Хорошо, что не перепутал, не представился Кустовым, а ведь мог бы.
— Товарищ Востряков, почему допускаете присутствие на вверенной вам территории сутенеров? А ведь тут Кремль рядышком.
— Так какой же это сутенер? — попытался выгородить юнца Востряков. — Это Петя, он тут постоянно…
Эх, Востряков-Востряков… Понятно, почему ты до сих пор только младший милиционер. Нет бы сказать — не могу знать, виноват, он принялся оправдываться, да еще бездарно. Петя, видите ли тут постоянно… Крышует милиционер проституток, стало быть.
— А что он тут постоянно делает? Девками торгует?
Востряков опять открыл рот, но тут же его закрыл.
— Удостоверение.
Я протянул руку, а милиционер безропотно отдал мне свой документ, хотя и не должен был этого делать. А сам-то я имею ли право отбирать у сотрудника милиции служебное удостоверение? Если брать мой прошлый мир, то нет, а здесь, так и да.
— За документом придете на Лубянку. Спросите у дежурного — в какой кабинет обращаться, там вам все скажут. Или в ваше отделение позвонят, и вас вызовут.

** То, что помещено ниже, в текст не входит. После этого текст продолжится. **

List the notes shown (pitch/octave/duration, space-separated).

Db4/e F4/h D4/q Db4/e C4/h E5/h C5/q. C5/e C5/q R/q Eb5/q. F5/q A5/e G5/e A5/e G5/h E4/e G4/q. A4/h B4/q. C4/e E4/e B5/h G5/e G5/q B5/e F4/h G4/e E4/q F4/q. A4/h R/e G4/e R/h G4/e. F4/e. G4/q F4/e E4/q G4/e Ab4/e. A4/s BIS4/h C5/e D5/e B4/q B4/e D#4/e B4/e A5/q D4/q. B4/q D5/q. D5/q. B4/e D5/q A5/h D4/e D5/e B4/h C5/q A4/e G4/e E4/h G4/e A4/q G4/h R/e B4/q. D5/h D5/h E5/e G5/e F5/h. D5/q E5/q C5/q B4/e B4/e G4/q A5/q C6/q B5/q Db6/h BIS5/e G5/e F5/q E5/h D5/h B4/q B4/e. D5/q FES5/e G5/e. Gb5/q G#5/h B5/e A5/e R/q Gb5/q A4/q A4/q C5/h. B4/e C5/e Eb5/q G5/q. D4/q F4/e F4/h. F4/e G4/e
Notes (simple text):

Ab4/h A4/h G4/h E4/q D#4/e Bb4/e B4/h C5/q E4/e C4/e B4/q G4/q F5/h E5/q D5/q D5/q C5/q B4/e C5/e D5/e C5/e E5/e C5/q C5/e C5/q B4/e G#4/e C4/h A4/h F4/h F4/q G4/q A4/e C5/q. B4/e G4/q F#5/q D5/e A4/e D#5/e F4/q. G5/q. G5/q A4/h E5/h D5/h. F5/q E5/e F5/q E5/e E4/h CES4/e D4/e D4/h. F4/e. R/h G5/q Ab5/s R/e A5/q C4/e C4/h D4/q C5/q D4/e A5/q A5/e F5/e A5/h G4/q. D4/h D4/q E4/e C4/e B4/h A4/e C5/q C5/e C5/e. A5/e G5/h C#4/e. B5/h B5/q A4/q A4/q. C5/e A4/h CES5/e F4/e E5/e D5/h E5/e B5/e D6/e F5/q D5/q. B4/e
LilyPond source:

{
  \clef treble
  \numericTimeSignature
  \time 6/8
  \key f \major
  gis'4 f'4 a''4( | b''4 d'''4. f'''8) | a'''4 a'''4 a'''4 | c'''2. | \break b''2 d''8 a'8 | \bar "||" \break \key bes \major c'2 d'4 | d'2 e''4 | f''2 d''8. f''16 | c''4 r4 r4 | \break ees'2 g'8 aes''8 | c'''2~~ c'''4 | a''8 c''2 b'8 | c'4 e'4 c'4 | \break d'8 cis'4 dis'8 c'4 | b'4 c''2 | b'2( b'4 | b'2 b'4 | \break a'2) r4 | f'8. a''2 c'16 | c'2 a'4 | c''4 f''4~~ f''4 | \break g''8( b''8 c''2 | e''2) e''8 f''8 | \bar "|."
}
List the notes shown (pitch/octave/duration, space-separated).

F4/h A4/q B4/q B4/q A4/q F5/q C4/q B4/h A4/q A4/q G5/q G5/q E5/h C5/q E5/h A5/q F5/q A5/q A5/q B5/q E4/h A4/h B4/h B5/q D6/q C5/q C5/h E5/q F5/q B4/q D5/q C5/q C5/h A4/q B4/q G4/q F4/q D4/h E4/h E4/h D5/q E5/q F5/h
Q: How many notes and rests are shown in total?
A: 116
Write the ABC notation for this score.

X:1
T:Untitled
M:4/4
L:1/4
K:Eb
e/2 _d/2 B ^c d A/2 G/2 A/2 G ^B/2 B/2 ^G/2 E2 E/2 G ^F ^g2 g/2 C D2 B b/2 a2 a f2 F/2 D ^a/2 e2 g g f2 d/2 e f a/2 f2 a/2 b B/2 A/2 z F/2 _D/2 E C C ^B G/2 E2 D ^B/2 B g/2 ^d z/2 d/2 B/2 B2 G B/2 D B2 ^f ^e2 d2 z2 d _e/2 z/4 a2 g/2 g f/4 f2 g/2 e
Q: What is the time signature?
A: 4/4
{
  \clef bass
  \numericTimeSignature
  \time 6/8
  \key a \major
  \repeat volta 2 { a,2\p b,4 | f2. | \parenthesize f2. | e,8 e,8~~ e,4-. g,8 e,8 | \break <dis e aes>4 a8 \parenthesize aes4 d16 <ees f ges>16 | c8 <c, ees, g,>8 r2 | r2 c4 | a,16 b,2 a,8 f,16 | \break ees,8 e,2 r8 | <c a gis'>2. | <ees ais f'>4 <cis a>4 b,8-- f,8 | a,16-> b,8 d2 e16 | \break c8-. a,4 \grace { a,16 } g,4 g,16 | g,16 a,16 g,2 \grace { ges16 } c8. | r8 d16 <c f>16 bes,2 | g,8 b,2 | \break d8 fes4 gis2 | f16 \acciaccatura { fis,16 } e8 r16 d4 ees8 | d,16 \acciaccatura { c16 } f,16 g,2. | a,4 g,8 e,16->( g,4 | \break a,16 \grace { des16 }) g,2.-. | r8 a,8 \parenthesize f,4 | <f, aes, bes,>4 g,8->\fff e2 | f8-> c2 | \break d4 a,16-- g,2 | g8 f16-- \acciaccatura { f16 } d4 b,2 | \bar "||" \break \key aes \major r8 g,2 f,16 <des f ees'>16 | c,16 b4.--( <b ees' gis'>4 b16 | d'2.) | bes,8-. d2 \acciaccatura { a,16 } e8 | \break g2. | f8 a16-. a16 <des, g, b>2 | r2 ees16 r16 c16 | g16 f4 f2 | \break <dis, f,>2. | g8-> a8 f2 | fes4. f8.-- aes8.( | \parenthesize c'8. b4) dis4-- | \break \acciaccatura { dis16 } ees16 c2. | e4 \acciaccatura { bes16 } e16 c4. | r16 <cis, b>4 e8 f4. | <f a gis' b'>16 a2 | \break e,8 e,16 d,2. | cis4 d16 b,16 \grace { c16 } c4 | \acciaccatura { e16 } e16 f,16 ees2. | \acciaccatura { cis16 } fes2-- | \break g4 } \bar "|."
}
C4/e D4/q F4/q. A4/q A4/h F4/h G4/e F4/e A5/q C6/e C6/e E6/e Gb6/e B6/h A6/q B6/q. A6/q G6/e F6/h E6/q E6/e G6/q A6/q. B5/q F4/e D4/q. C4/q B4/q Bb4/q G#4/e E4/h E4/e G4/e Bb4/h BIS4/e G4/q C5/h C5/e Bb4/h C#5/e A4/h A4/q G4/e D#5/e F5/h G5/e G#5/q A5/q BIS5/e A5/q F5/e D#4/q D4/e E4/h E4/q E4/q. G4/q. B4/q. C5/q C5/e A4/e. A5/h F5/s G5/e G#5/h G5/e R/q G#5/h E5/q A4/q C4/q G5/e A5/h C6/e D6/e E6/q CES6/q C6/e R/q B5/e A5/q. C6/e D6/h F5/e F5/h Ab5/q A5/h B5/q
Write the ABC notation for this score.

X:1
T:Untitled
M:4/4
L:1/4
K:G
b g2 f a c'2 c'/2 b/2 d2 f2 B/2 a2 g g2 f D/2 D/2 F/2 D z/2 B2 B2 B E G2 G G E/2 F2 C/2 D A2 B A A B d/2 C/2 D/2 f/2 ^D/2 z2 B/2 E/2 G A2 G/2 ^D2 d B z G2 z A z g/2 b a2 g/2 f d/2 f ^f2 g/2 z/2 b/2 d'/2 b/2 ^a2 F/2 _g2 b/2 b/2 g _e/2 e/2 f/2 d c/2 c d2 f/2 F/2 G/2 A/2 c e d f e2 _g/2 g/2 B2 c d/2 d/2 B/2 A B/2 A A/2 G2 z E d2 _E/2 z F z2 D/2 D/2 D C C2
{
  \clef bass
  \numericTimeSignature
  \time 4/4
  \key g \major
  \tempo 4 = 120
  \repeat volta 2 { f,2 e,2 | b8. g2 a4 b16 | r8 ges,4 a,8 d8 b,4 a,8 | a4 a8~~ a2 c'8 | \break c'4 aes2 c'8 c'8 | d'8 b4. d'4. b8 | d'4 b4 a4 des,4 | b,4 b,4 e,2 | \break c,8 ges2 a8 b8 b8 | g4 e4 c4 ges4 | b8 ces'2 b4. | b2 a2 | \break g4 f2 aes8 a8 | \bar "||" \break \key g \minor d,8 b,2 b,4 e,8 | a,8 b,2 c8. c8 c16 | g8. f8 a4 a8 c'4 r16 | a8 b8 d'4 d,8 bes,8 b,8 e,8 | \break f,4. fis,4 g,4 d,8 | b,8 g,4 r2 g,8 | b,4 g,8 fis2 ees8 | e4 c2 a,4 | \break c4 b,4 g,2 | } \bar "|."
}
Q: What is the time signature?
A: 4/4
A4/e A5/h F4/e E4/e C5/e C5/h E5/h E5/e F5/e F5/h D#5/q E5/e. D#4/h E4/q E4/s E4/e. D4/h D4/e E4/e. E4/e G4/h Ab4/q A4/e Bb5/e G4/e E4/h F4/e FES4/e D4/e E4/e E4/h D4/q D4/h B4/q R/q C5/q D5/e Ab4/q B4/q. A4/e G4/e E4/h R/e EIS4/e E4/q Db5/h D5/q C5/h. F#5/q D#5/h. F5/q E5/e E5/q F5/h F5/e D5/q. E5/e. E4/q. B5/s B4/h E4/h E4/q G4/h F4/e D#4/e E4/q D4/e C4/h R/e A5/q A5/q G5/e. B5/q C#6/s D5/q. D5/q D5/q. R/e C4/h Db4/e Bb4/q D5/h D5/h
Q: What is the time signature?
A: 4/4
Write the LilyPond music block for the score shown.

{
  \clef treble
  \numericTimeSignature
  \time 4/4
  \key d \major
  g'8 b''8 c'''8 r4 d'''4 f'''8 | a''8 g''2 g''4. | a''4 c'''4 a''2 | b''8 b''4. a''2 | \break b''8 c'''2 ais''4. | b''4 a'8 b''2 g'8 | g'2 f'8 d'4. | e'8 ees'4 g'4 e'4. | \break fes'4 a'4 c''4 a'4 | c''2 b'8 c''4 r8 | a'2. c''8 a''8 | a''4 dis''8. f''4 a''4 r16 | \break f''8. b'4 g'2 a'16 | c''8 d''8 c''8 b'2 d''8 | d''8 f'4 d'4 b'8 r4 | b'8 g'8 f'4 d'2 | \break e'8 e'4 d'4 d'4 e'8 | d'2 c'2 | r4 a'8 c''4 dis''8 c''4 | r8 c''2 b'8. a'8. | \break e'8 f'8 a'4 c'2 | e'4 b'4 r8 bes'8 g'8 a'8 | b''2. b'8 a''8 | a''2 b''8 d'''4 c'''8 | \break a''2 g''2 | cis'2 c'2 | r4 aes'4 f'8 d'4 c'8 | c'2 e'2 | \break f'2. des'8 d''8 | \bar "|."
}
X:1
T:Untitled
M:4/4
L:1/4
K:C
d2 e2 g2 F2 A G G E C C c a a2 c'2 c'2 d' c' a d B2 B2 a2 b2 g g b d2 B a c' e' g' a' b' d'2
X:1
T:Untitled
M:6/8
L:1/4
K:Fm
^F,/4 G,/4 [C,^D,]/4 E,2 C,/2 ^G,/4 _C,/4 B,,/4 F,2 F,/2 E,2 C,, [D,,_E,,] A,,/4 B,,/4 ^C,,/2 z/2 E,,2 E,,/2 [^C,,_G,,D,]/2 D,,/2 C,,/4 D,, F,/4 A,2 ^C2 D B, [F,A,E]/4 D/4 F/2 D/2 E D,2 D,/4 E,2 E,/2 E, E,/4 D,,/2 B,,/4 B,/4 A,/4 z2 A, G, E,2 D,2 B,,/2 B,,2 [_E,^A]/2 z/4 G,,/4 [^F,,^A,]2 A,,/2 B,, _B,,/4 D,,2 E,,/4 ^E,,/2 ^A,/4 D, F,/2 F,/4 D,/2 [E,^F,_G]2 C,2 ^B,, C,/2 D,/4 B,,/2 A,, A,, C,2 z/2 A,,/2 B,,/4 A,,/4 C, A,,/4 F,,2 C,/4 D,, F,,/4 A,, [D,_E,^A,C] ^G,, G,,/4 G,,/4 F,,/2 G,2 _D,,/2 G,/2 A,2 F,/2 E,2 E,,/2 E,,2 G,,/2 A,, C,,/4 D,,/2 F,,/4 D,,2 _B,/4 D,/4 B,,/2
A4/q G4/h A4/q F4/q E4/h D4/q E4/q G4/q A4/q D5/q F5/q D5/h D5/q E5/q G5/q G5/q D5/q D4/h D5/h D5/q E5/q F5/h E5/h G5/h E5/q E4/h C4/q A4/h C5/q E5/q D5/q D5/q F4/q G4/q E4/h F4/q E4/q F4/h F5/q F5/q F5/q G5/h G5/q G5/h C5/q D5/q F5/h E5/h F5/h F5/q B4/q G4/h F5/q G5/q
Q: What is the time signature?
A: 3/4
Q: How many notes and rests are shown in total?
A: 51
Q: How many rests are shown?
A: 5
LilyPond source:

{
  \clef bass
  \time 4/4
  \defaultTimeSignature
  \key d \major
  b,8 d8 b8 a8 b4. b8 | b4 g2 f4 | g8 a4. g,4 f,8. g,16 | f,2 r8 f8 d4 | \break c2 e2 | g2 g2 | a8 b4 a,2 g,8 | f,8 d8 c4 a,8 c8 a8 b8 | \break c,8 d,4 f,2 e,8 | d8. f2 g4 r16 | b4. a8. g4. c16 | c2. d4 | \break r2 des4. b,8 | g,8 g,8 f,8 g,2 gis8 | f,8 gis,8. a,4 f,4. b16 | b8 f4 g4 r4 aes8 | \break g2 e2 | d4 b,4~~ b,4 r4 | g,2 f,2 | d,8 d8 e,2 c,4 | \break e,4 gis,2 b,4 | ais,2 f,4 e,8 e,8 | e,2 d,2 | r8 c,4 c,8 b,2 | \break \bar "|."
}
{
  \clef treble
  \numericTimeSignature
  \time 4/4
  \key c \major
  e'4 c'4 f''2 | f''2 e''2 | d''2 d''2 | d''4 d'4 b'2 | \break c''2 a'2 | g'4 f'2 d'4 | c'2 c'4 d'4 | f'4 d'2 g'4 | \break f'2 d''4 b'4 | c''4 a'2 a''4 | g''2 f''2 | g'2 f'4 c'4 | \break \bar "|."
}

Кто у нас отвечает за коррупцию внутри сотрудников смежного ведомства? А ведь и не знаю. Но кто-то должен контролировать милицию. В крайнем случае, составлю рапорт, прикреплю к нему удостоверение Вострякова и отдам тому же дежурному.
И тут я вспомнил даже имя девушки, что сидела рядом с Петей в общежитии.
— Ты не Машей ли приторговываешь, гаденыш?
Петя, что называется, «потек». И в прямом и в переносном смысле. Из глаз потекли слезы и парень принялся рыдать.
Нет, если уж ты взялся за такое дело, как торговля женским телом, то надобно быть потверже. Куда такой сутенер годится? Вон, то ли дело мой швейцар в «Вилетте», который собственной женой приторговывает. Кремень!
— Товарищ член коллегии ВЧК, а сейчас-то мне что делать? — убитым голосом спросил милиционер.